Using the data below, set down every line from the one containing "Bloc dibujo liderpapel" through the one containing "Pittsburgh Steelers Fade", inclusive and unchanged. Pictures are to be skipped.
AVAILABLE DATA START
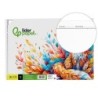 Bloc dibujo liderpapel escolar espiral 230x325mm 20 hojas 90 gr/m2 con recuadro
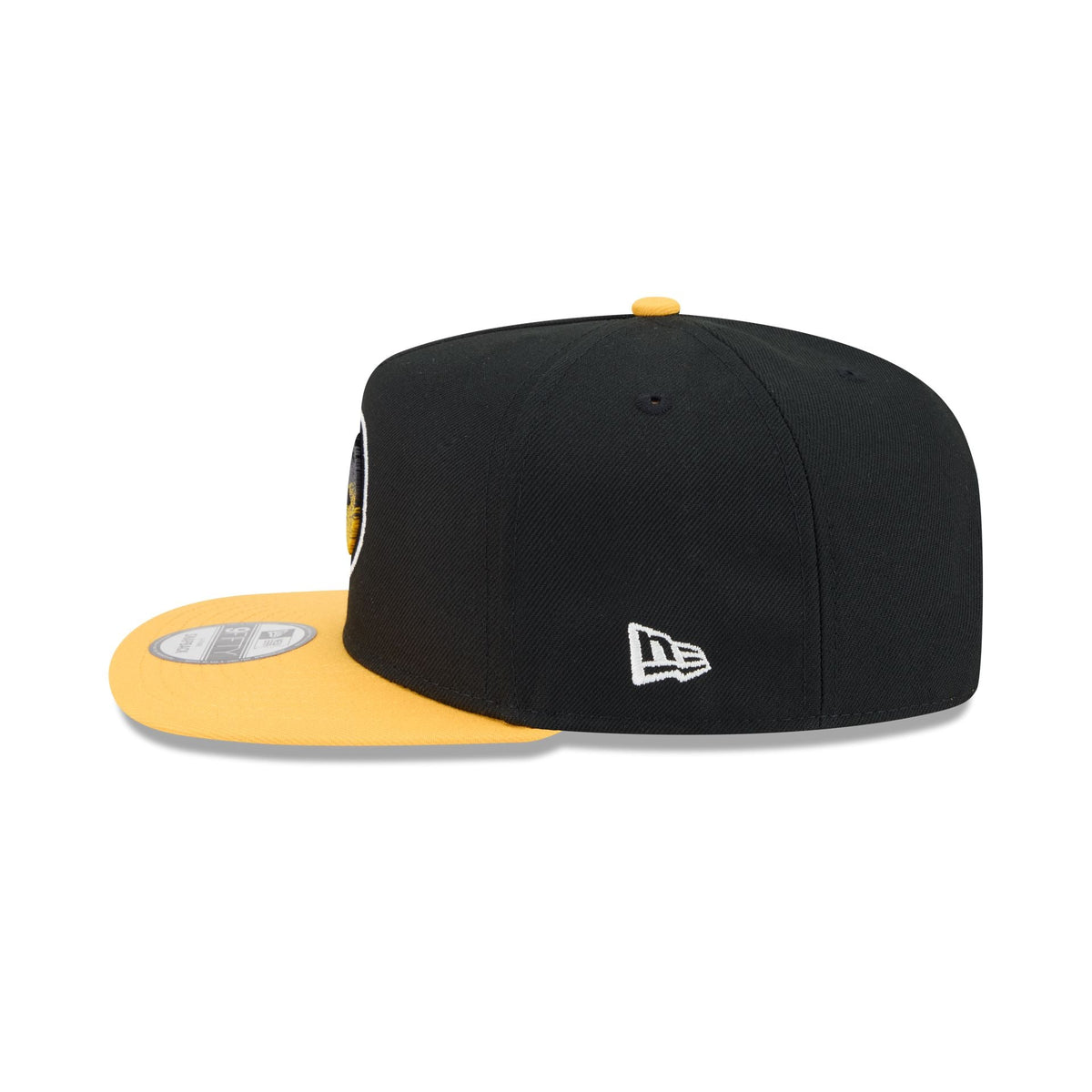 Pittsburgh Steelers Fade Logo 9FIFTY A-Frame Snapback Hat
AVAILABLE DATA END
AVAILABLE DATA START
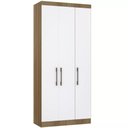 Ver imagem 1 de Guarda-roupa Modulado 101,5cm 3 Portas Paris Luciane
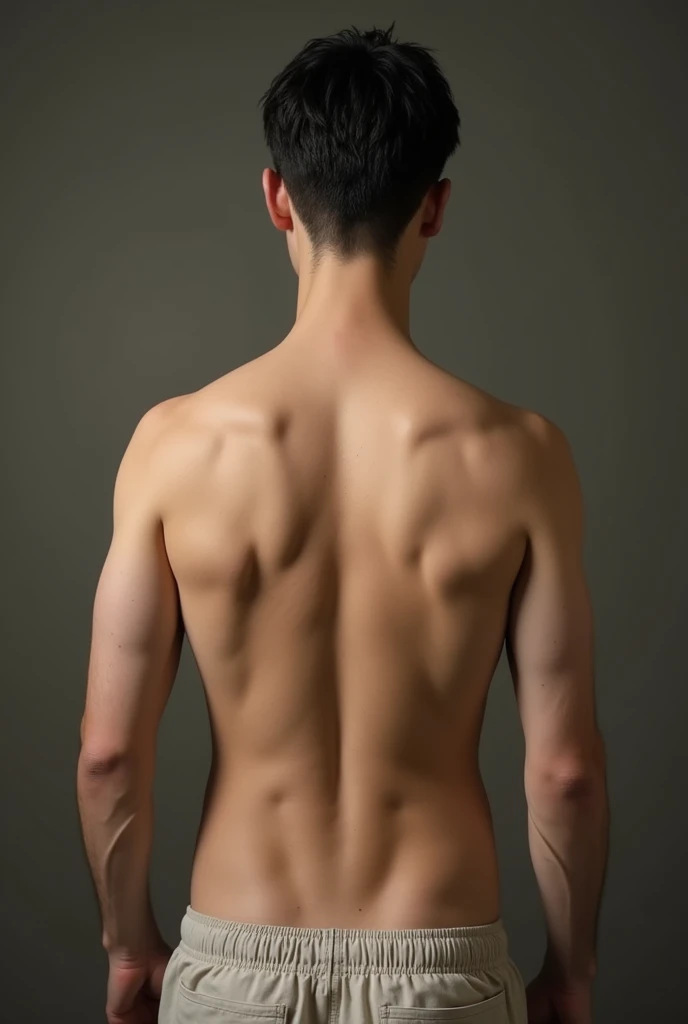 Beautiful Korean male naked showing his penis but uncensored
AVAILABLE DATA END
**ANSWER TO THIS PROBLEM:**
 Bloc dibujo liderpapel escolar espiral 230x325mm 20 hojas 90 gr/m2 con recuadro
 Pittsburgh Steelers Fade Logo 9FIFTY A-Frame Snapback Hat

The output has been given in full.